'Reestruturação do recrutamento - Uma defesa do teatro como arte marcial' (RPM)

É preciso que nós deixemos de espectar e copiar as manobras do passado e passemos, cada militante, a ser atores em coletiva prontidão. Defendo assim, os conhecimentos do teatro e da ciência militar aliados às práticas do partido.

'Reestruturação do recrutamento - Uma defesa do teatro como arte marcial' (RPM)

Por RPM para a Tribuna de Debates Preparatória do XVII Congresso Extraordinário.

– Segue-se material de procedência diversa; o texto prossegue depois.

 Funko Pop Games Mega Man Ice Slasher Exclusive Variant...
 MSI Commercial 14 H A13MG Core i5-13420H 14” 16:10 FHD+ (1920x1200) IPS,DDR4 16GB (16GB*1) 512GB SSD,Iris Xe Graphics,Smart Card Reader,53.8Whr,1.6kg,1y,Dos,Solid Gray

Nesta pequena tribuna gostaria de traçar reflexões e colaborar com a base do tripé estruturante da atual estratégica e tática de crescimento e profissionalização do partido: O recrutamento, o planejamento tático e a formação continuada. Pois no horizonte revolucionário é na tática qualificada que se prova uma resistência. Do contrário, ficaremos eternamente a debater a conjuntura e, nas ruas, dificilmente saberão nos diferenciar de qualquer outro partido social-democrata. É preciso que nós deixemos de espectar e copiar as manobras do passado e passemos, cada militante, a ser atores em coletiva prontidão. Defendo assim, os conhecimentos do teatro e da ciência militar aliados às práticas do partido. Por uma ação revolucionária e um teatro como arte marcial, deixem de chamar os trabalhadores da arte APENAS quando “vai rolar uma cultural”. Estamos querendo formar um Poder, ou um grupo de militantes de carreira? “Fora do Poder tudo é ilusão”. 

Introdução 

Na União Soviética, o teatro foi uma arma fundamental para efervescer os ânimos revolucionários. A primeira experiência do teatro como arte marcial na Universidade do Estado de Santa Catarina (UDESC) aconteceu em 2022, onde fizemos uma peça que se transformou em uma oficina de teatro jornal, resultando em um ato de agitação com uma série de denúncias às condições de insegurança alimentar vivida pelos estudantes da universidade. 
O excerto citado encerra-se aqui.